Data for this exercise Start Marker
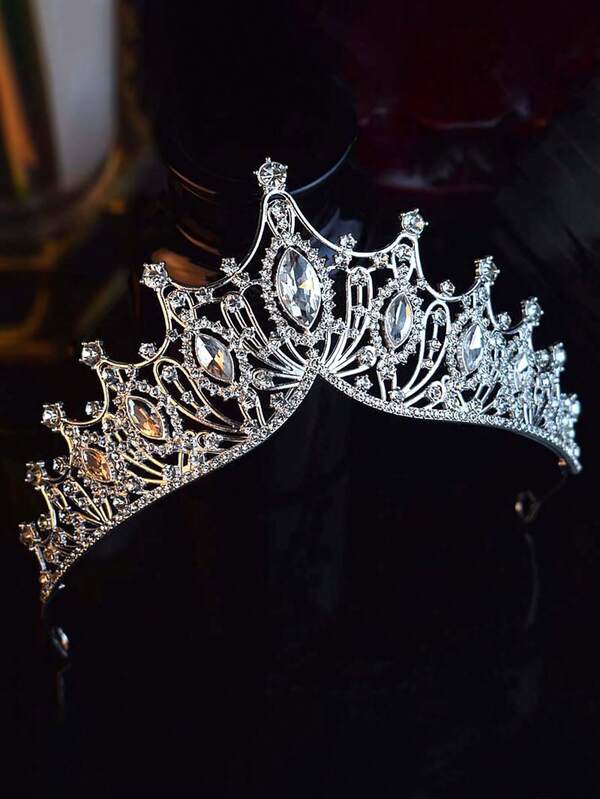 1 pièce Diadème élégant en cristal scintillant pour fille, style princesse, idéal pour une fête d'anniversaire, une célébration, un cadeau, un spectacle, un bal, accessoire de coiffure à la mode et haut de gamme pour enfants.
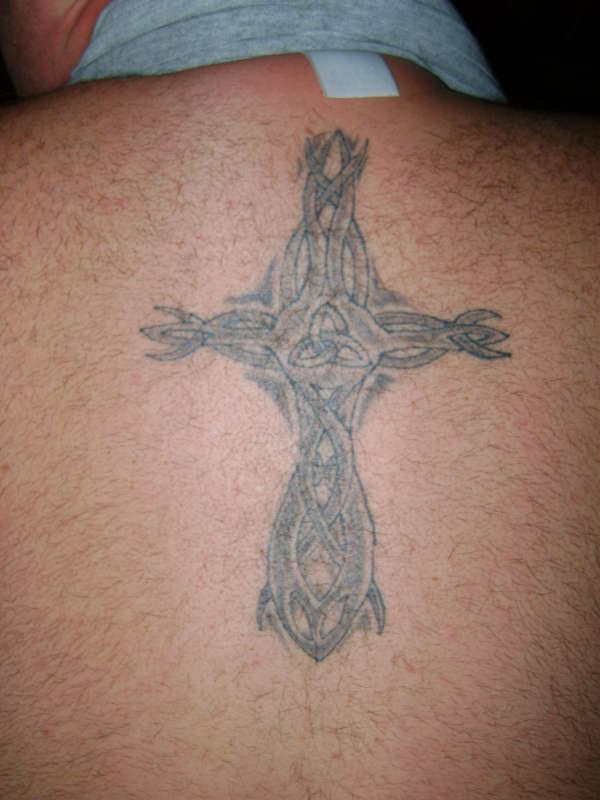 Cross I made Up tattoo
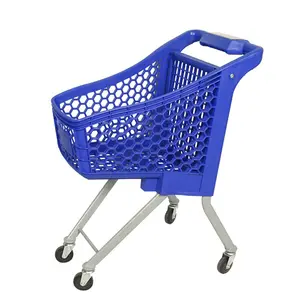 Factory Direct Mini Children'S Plastic Supermarket Shopping Trolley For Kids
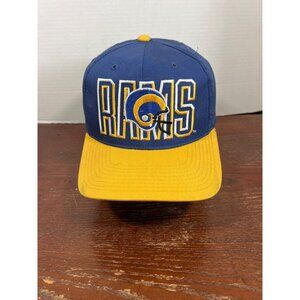 Vintage Los Angeles Rams NFL Adjustable Snapback Hat D4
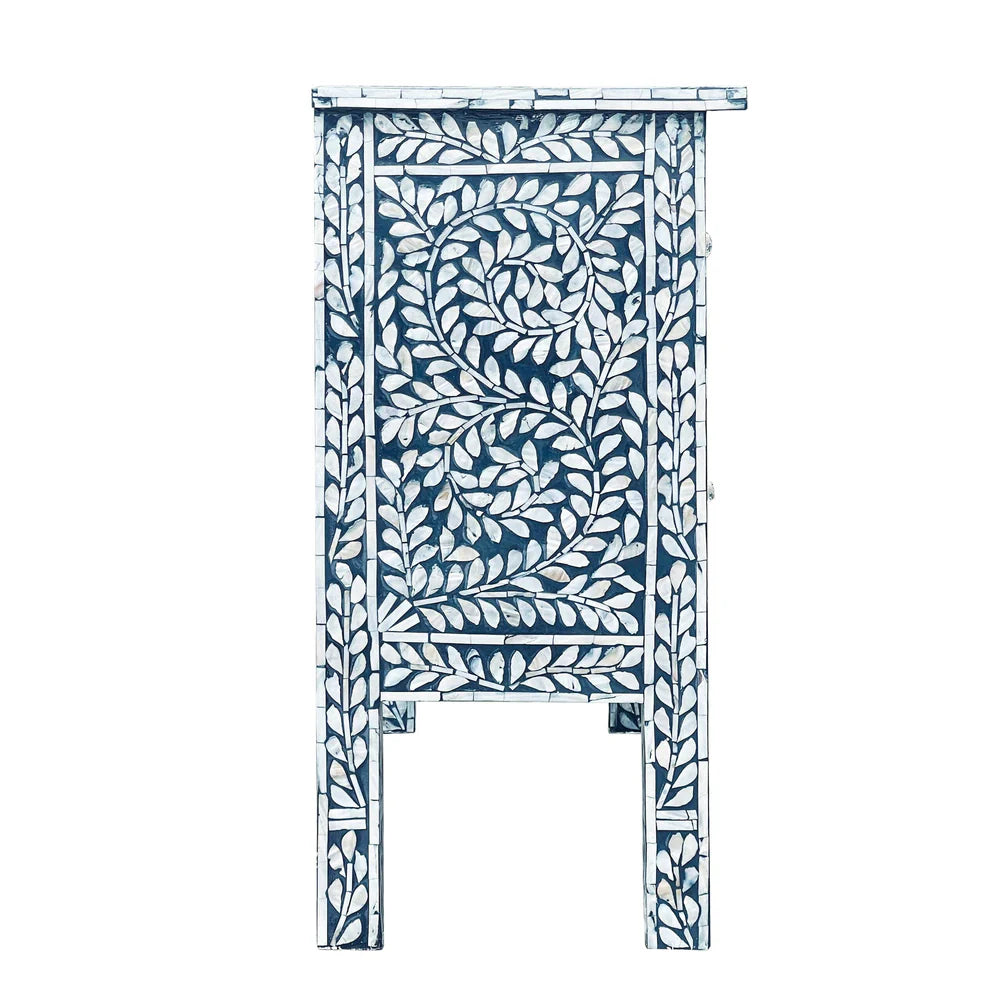 RADIANCE MOTHER OF PEARL HAND MADE SWIRL CHEST OF 2 DRAWERS - MyChocolateWood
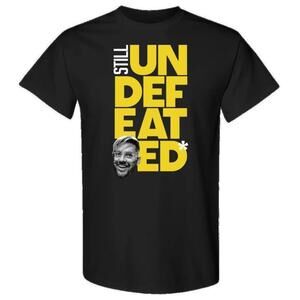 Yellow Still Undefeated Streetwear Graphic Unisex T-Shirt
Data for this exercise End Marker
> _What you should do_
Transcribe every line of the listing above exactly; skip the pictures.

> _Answer box_
 1 pièce Diadème élégant en cristal scintillant pour fille, style princesse, idéal pour une fête d'anniversaire, une célébration, un cadeau, un spectacle, un bal, accessoire de coiffure à la mode et haut de gamme pour enfants.
 Cross I made Up tattoo
 Factory Direct Mini Children'S Plastic Supermarket Shopping Trolley For Kids
 Vintage Los Angeles Rams NFL Adjustable Snapback Hat D4
 RADIANCE MOTHER OF PEARL HAND MADE SWIRL CHEST OF 2 DRAWERS - MyChocolateWood
 Yellow Still Undefeated Streetwear Graphic Unisex T-Shirt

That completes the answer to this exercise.